Thinking about it object based isn’t right either because you could very well follow the procedural model whilst using features more often associated with OOP, such as private.
But that’s just it: the object based design doesn’t need dispatching; even the “inherited” operations are all static.
The reason that you’re so willing to say that it’s not well defined isn’t because it’s not well defined, but because Ada properly separates those concepts (the “four pillars of OOP”) into orthogonal features, just like you gave an example for: data-hiding.
This is alsowhy Ada is superior as an introduction to OOP: because those concepts are separate, you can introduce them discretely and in a more purposeful manner, rather than trying to explain all of OOP in a go to the student.
I didn’t mean in the Ada language but rather in the industry.
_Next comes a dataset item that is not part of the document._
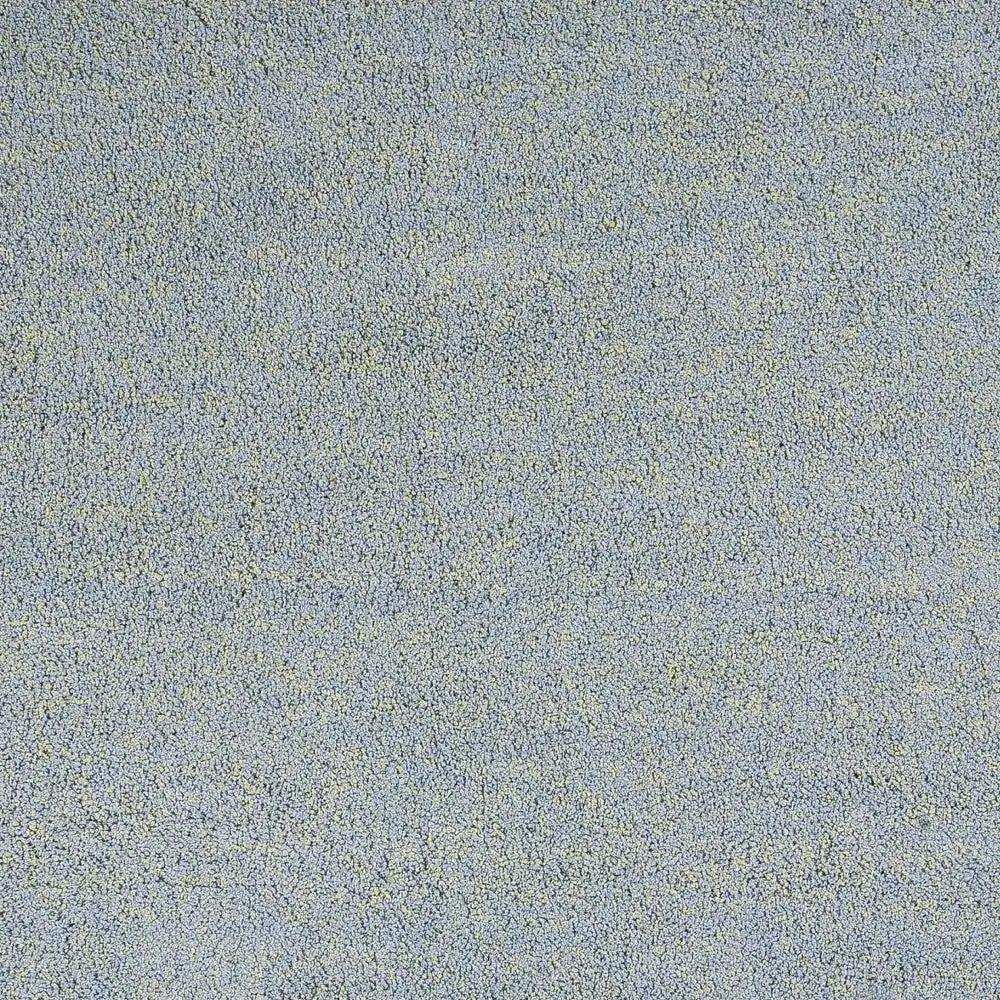 8' X 10' Blue Heather Indoor Shag Rug - Homeroots - Flyclothing LLC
OO predates the “four pillars” and Ada and then there is message passing which I believe a small talk author said was the most important part. Some say go has oo features whilst other vehemently oppose that. There certainly seems to be a shift away from inheritance right now though. I think Ada 83 hit a sweet spot but I am open to having my mind changed.
It is more or less established that OO refers to dynamic polymorphism. Be it message passing or dispatch.
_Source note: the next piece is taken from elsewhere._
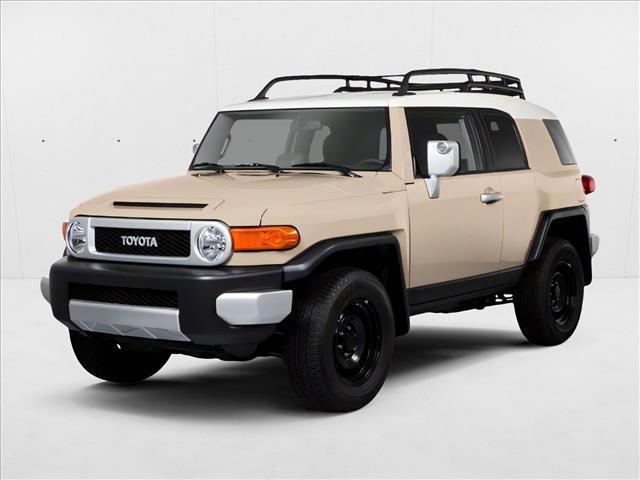 2012 Toyota FJ Cruiser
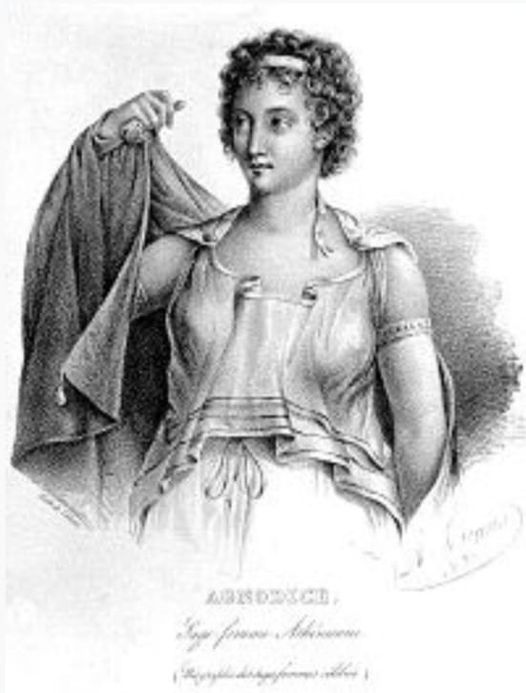 Αγνοδίκη: Η πρώτη γυναίκα γιατρός της Αρχαίας Ελλάδας (και του κόσμου). 1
Ada 83 had only static polymorphism in two forms:
Ad-hoc = overloading
Parametric = generics
Ada 95 added dynamic polymorphism in the form of tagged types.
I just wanted to add here that I believe Ada83 did have inheritance. Type derivation (which Ada83 supports I believe) is inheritance without type extension (with Ada95 added). All primitive operations are inherited with type derivation. I know a lot of folks equate type extension with inheritance casually, but they are separate things mechanically.
It’s similar with dynamic operation dispatch and type extension. People often marry the two together. And while I am not familiar of any languages that have type extension and not dynamic operation dispatching, there are definitely languages with dynamic operation dispatch and no type extension.
It’s similar with dynamic operation dispatch and type extension
They are unrelated. Type extension controls representation. Dispatch controls polymorphic operations constructed of multiple bodies. Both representation and overriding the body are specific cases.
The type extension was chosen largely for implementation/laziness reasons, because it allows view conversions between the parent and derived types. Otherwise the conversion must be full. E.g. if Integer would ever be tagged then the tag must be kept out of Integer representation and conversions must create new objects passed by value. This would assume that only Integer’Class would have a tag,
Similarly overriding is not the only way. E.g. in Initialize and Finalize we would really wanted rather extend the body rather than override it completely.
BTW, Ada 83 subtypes do not change the representation which is a serious limitation. You, for example, cannot make an access type a subtype of the target type and thus eliminate the suffix “.all”. [Ada 83 hard-wired this in the cases of arrays and records.] Implicit dereference was added much later as a crude hack for tagged types only.
How would you write that ?
As for the primitive hiding trick, this is exactly what should figure in a list of “how to do”, useful practices not obvious at all from the RM. Heck, I only found those paragraphs in the AARM.
There is this list, in French: Articles techniques
It deserves growing (and translating, which I can do). You can all submit to me your ideas of tricks or little known / underused features, with some exemple and explanation, to add to this list.
Yep, that’s what I was saying in the post your were quoting. I was saying how people often marry the two in their heads, but they are separate things.